On Wed, Feb 8, 2012 at 12:47 AM, Simon A. Eugster <simon.eu@...> wrote:
> On 02/08/2012 09:08 AM, Alexandre Prokoudine wrote:
>> On Wed, Feb 8, 2012 at 11:32 AM, Simon A. Eugster wrote:
>>> I have no idea how you manage to have a link to a solution for nearly
>>> every problem. Thanks for the link!
>> YW :)
>>> How accurate can we position audio streams? Just by full frames, or is
>>> it possible to have a finer granularity? When I synced audio/video I
>>> often had the problem that the audio was too early and after moving it
>>> by one frame it was too late.
then your sense is more acute than most humans'
>> Admittedly, I haven't had a chance to test it myself yet. However
> Already read! :)
> I rather meant kdenlive/MLT here. Can we move an audio clip by just a
> few samples or only by full frames?
at the framework level only by frame, but something more precise can
be achieved with an audio filter, e.g. sox.delay
>> "The algorithm I settled on resembles the method a human uses when
>> looking at the waveform view. First, it breaks each input audio stream
>> into 40 ms blocks and computes the mean absolute value of each block.

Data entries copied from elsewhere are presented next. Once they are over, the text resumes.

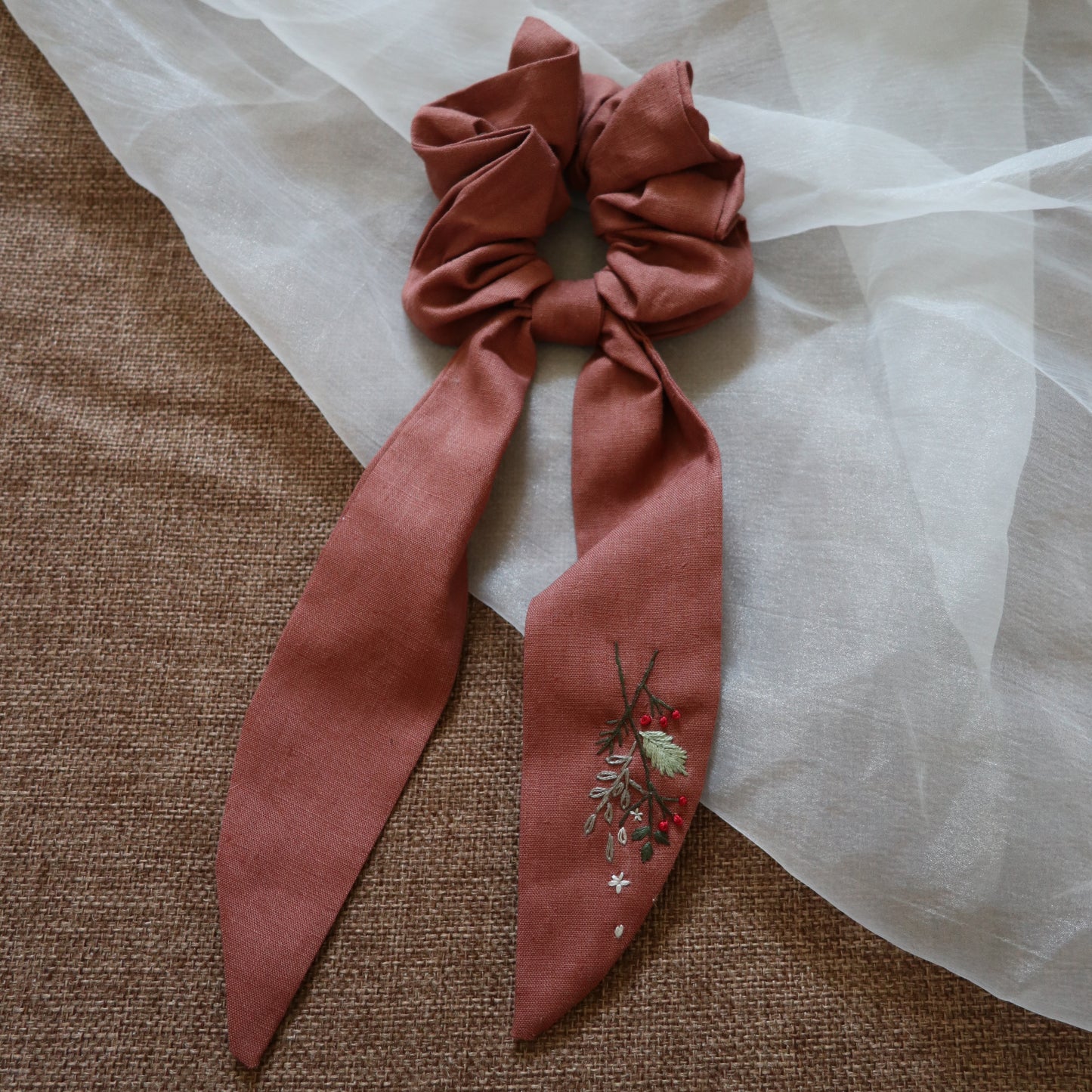 小花束手刺繡長尾髮圈/鬆緊髮圈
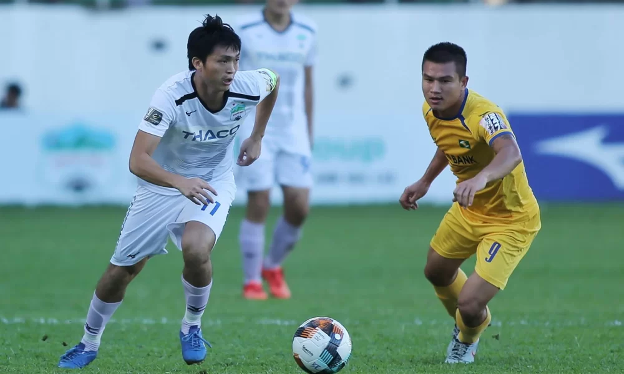 5 điểm nhấn vòng 17 V-League: Tuấn Anh “mở tài khoản”, Quang Hải giải hạn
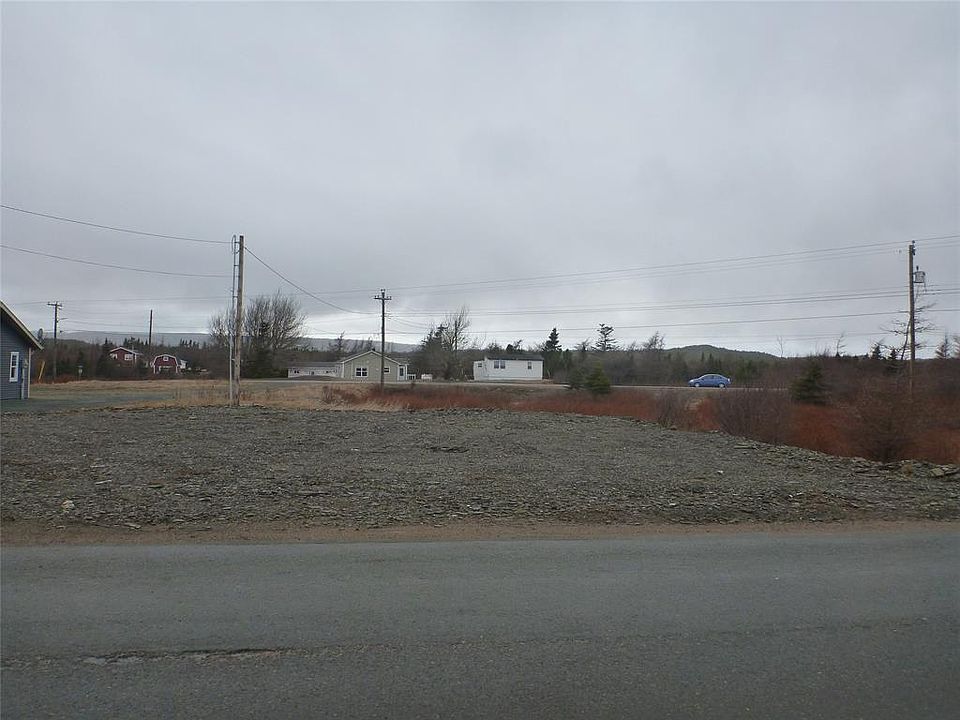 1st image of 289 Main Street
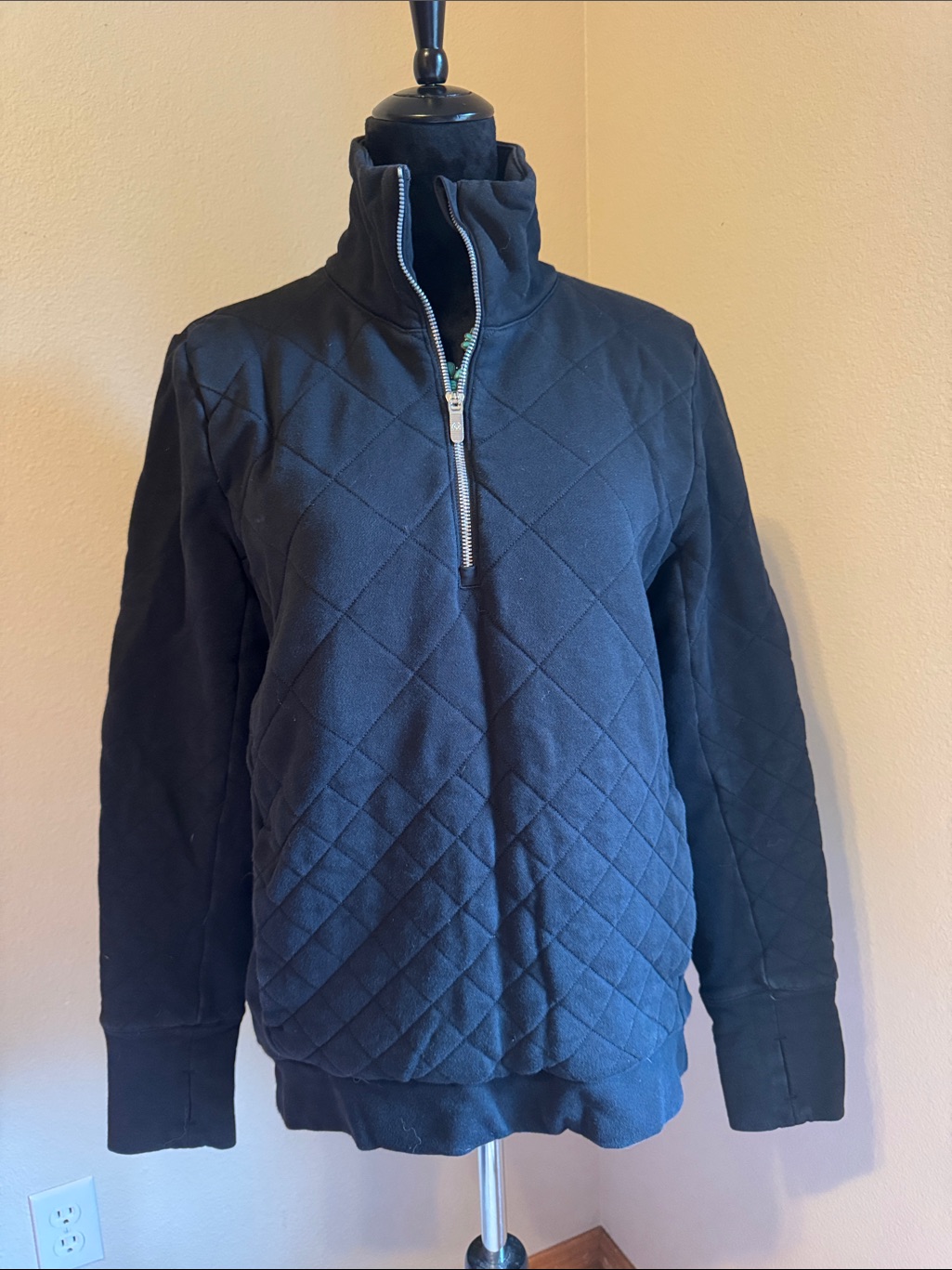 Lululemon Athletica Black Quilted Half-Zip Pullover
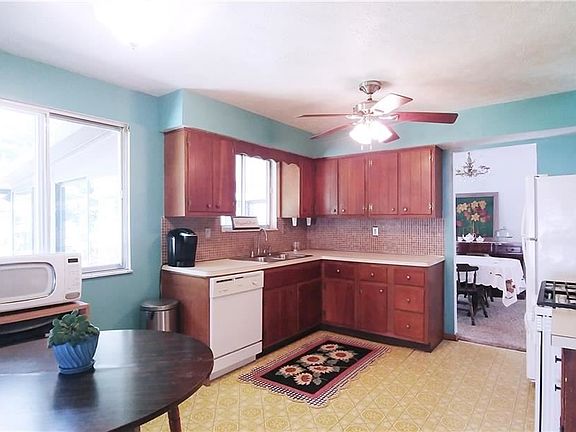 5th image of 1787 Oaklawn Dr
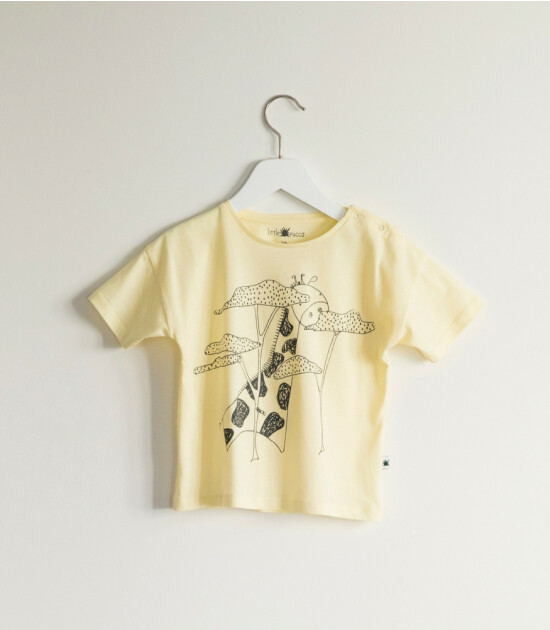 Little Yucca & paperwork.istanbul Takım İşi Koleksiyonu // "Mini" Tshirt (Zürafa)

40ms aka duration of 25 fps frame, this value can be simply computed
>> The resulting 25 Hz signal is the “volume envelope”. The code
>> subtracts the mean volume from each track’s envelope, then performs a
>> cross-correlation between tracks and looks for the peak, which
>> identifies the relative shift.
can be implemented as a passive transition that computes the shift and
reports it through a property. Then, an application can make a
frame-level adjustment at the edit level and apply sox.delay or
frei0r.delay0r filters for sub-frame accuracy. Or, the transition can
be dual pass, and perform the sub-frame adjustments itself on the
Alternatively, kdenlive is already getting all of the audio in a
consumer-frame-show event, so it could just do all of this analysis in
its own code and use existing filters for sub-frame accuracy.
>> To avoid performing N^2
>> cross-correlations, one clip is selected as the fixed reference, and
>> all others are compared to it. The peak position is quantized to the
>> block duration (creating an error of +/- 20ms), so to improve accuracy
>> a parabolic fit is used to interpolate the true maximum. I don’t know
>> the exact residual error, but I expect it’s typically less than 5 ms,
>> which should be plenty good enough, seeing as sound travels about 1
>> foot per ms."
>> Alexandre Prokoudine